Interestingly, I see the commom part merged with -Os.

tree-ssa generates basically the same code.
Comment 15 Kazu Hirata 2004-01-04 07:30:47 UTC
gcse_main() in gcse.c says

      /* It does not make sense to run code hoisting unless we optimizing
	 for code size -- it rarely makes programs faster, and can make
	 them bigger if we did partial redundancy elimination (when optimizing
	 for space, we use a classic gcse algorithm instead of partial
	 redundancy algorithms).  */
      if (optimize_size)
Comment 16 Dale Johannesen 2004-11-04 23:31:13 UTC
It does say that, and I expect cases can be constructed where the comment is true, but it is not
completely right.  When you replace 2 copies of code with 1 copy you are generally making it
smaller.  Plus, there is a beneficial interaction with RTL invariant hoisting, as it exposes more
invariants when you do hoisting inside a loop.
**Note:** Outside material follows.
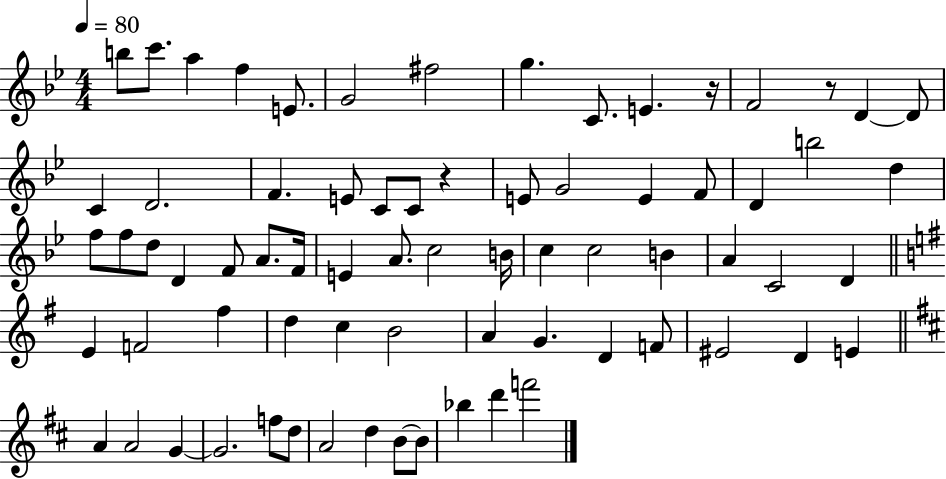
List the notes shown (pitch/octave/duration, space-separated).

B5/e C6/e. A5/q F5/q E4/e. G4/h F#5/h G5/q. C4/e. E4/q. R/s F4/h R/e D4/q D4/e C4/q D4/h. F4/q. E4/e C4/e C4/e R/q E4/e G4/h E4/q F4/e D4/q B5/h D5/q F5/e F5/e D5/e D4/q F4/e A4/e. F4/s E4/q A4/e. C5/h B4/s C5/q C5/h B4/q A4/q C4/h D4/q E4/q F4/h F#5/q D5/q C5/q B4/h A4/q G4/q. D4/q F4/e EIS4/h D4/q E4/q A4/q A4/h G4/q G4/h. F5/e D5/e A4/h D5/q B4/e B4/e Bb5/q D6/q F6/h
Comment 17 Andrew Pinski 2021-08-21 21:55:33 UTC
Fixed in GCC 7 by r7-1935.

On the gimple level we get:
  <bb 3> [local count: 536870913]:
  _2 = pretmp_31 + 2;
  s_19(D)->p = _2;
  goto <bb 5>; [100.00%]

  <bb 4> [local count: 536870913]:
  _11 = pretmp_31 + 4;
  s_19(D)->p = _11;
  _12 = MEM[(short unsigned int *)pretmp_31 + 2B];
  _13 = (int) _12;
  _23 = _13 << 8;
  _14 = (unsigned int) _23;
  _15 = _14 + _28;

  <bb 5> [local count: 1073741824]:
  # _6 = PHI <_28(3), _15(4)>
  *coord_21(D) = _6;

The store for s_19(D)->p is not done but I think there might be already another bug about that.